For Dwight Tucci, the past 10 months have been filled with therapy, frustration, and angst. After a knee-injury took him out last season, the senior close-defenseman has now made his due-return to the field.
For any athlete, especially college athletes, an injury is something that gets forever stuck in the memory. The trigger-sense of whenever the part is touched after it is healed reminds athletes of struggles long-past. Sometimes, you can just tell in the instant something goes wrong, when you get injured, that it won’t be a quick-fix. Then, the days, afterward, when you have to just wait out the healing process, which is literally like watching paint dry. Not only do you get insanely bored, but at times, you’ll get to see your teammates playing, practicing, and running without you. At first, you may enjoy the relief of not having to run with them, but after a while, you start feeling guilty for not being there with them. It’s also an experience of having to explain your injury to 20 different people every day.
Dwight Tucci will tell you that it’s not fun. He says he just took it as it was after he felt his knee pop inward during a game. During a spring season game against Drexel University, Tucci ran the ball up the field and crossed into shooting range. He took his shot, causing his right leg to plant itself into the turf. The cleats that Tucci was wearing stabbed themselves stuck into the turf. He knew that it wasn’t right, and in that moment, his knee popped inward and Tucci fell to the ground. After an MRI a week later, Tucci would be out of game-play for the next 10 months.

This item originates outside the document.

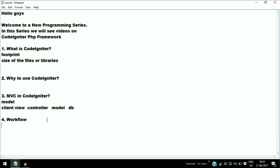We will see more videos with hands-on experience with the CodeIgniter framework and practical examples in the later videos of this playlist. Thank you guys for watching — the programming content is going to be very good!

As you would figure, Tucci faced the depression and frustration of not being able to come back to play. He knew right off the bat that it would include a long-recovery process, as well as some restrictions with working out. A third of his normal workout had to be shelved due to his leg.
After surgery, Tucci received therapy and rehabilitation for three months until his insurance couldn’t pay for it anymore. That didn’t stop Tucci’s pursuit for recovery though. Thanks to the techniques learned in rehab, Tucci was able to replicate them on his own time. Rehab exercises such as rubber-band stretches, foam-rolls, and one-legged exercises, helped Tucci get back up to speed.
In practice, Tucci had to hold back for most of the fall season. No helmet and gloves until the last practices in November. Now, it’s been nearly four weeks since winter training began, and Tucci states that he’s at about 85 percent back into gear.
“With stop-and-go movements, when I’m playing defense, if I push too hard, it will still hurt. I’m self-conscious, I still hold back on it.” Tucci said.
Tucci is still checking quick and shuffling as a close-defender would, just with a little wrapping on his right leg. We all hope to see him as he takes on the field again.
For now, Tucci just wants to get back to his team and win.
“I want to see them go far, get to Nationals. I just want to be part of it.” Tucci said.